▶ DESCRIPTION OF THE TASK:
Any picture in the listing is left out of the copy; all else is duplicated exactly.

▶ DATA EXTRACT:
....

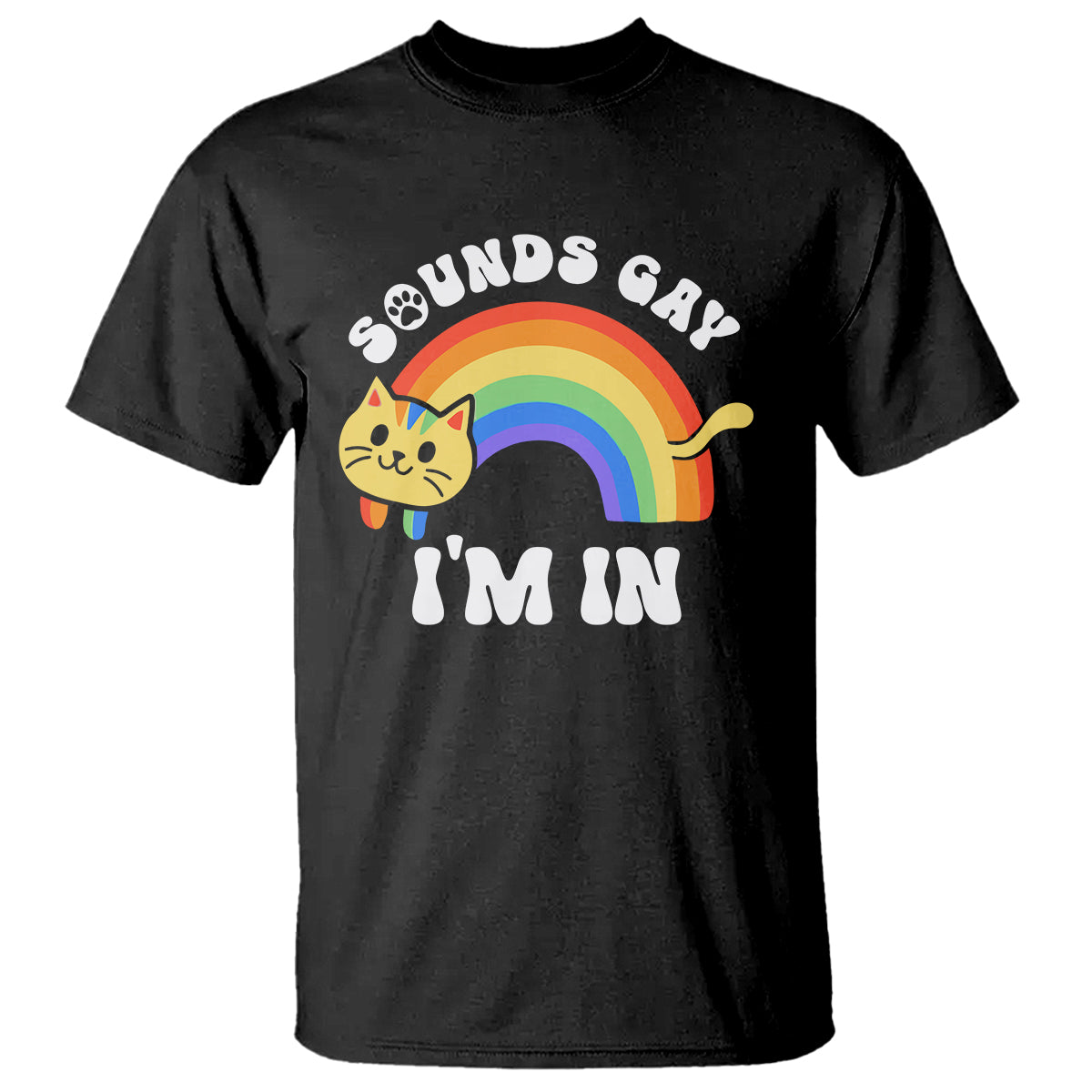 LGBT Cat Lover T Shirt Sound Gay I'm In Funny Rainbow Cat - Wonder Print Shop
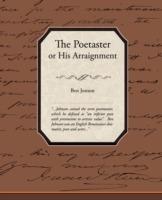 The Poetaster or His Arraignment - Ben Jonson - cover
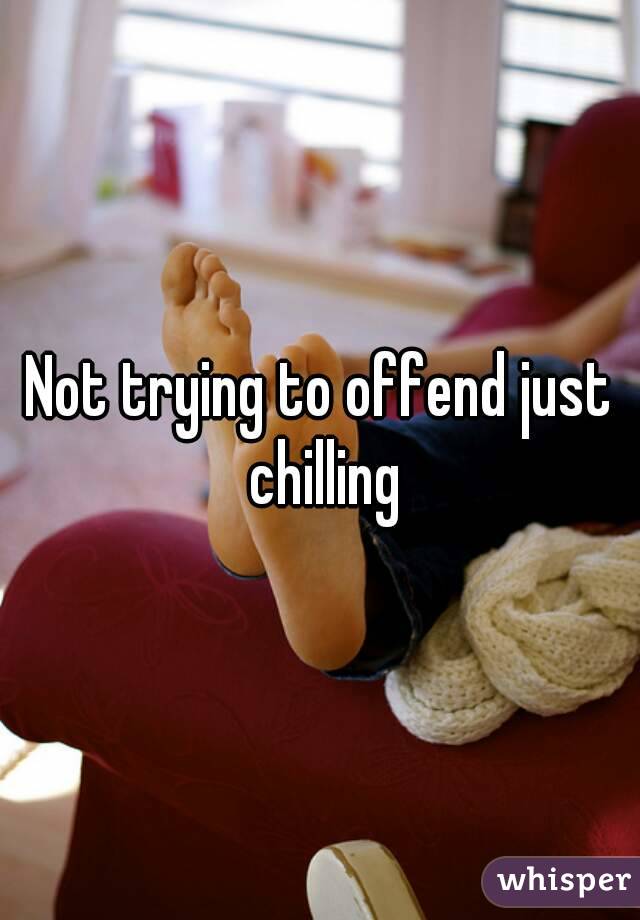 Not trying to offend just chilling
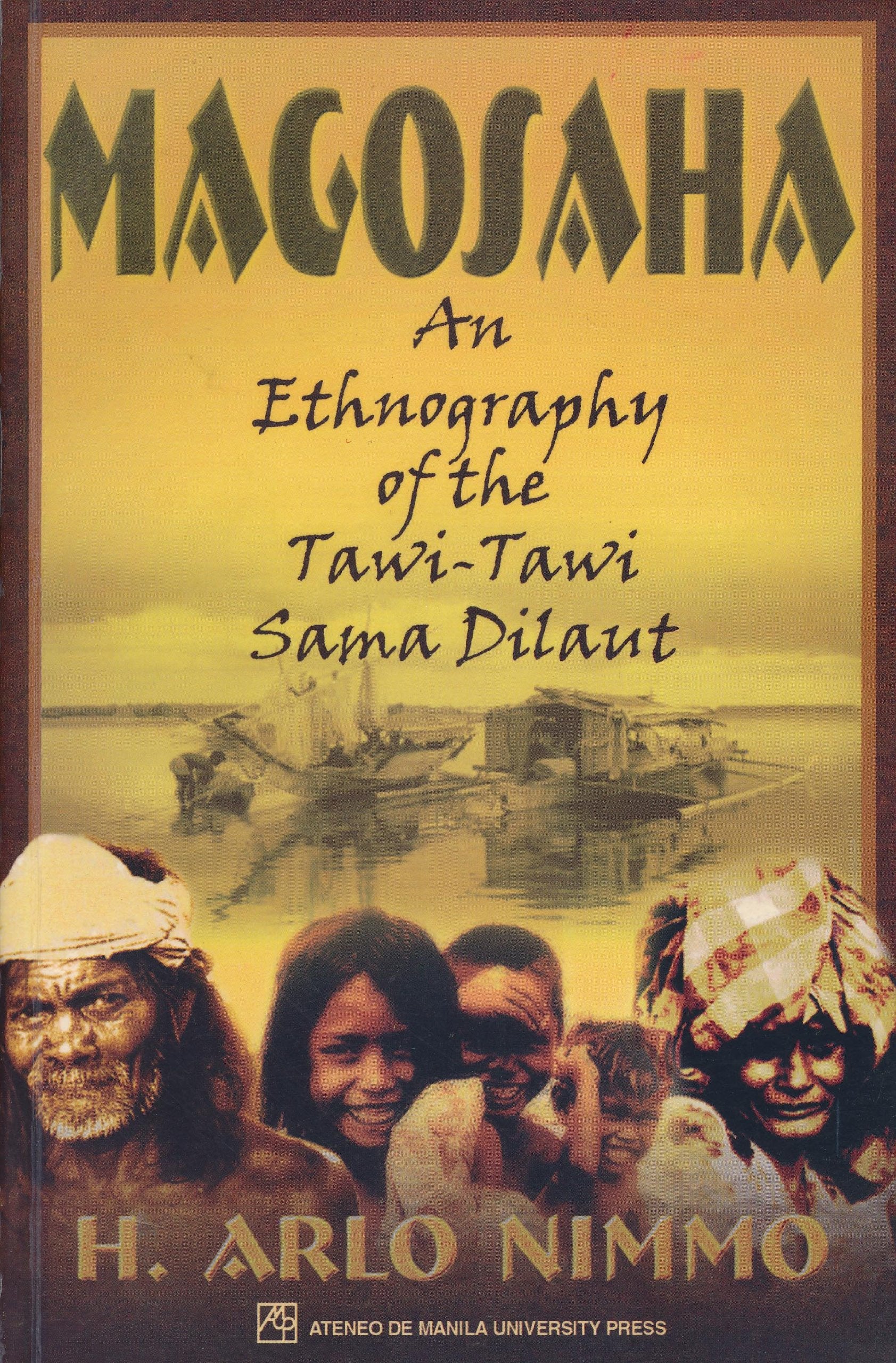 Magosaha: An Ethnography of the TawiTawi Sama Dilaut,Used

....

▶ RESPONSE:
 LGBT Cat Lover T Shirt Sound Gay I'm In Funny Rainbow Cat - Wonder Print Shop
 The Poetaster or His Arraignment - Ben Jonson - cover
 Not trying to offend just chilling
 Magosaha: An Ethnography of the TawiTawi Sama Dilaut,Used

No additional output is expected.